- _WHAT YOU ARE ASKED TO DO_: Your reply should repeat, exactly, the line containing "a view of a white house with a large tree" and the rest of the material after it.

- _SOURCE DATA_:
....................
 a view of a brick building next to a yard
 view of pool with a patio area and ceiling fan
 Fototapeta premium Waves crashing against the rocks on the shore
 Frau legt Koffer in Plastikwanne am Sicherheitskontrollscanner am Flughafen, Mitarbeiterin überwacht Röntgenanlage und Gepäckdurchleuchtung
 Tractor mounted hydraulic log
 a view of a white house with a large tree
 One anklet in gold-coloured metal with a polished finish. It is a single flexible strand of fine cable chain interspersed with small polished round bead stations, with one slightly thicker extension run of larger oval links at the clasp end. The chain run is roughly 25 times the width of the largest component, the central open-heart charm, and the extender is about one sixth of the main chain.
....................
- _WRITTEN RESPONSE_:
 a view of a white house with a large tree
 One anklet in gold-coloured metal with a polished finish. It is a single flexible strand of fine cable chain interspersed with small polished round bead stations, with one slightly thicker extension run of larger oval links at the clasp end. The chain run is roughly 25 times the width of the largest component, the central open-heart charm, and the extender is about one sixth of the main chain.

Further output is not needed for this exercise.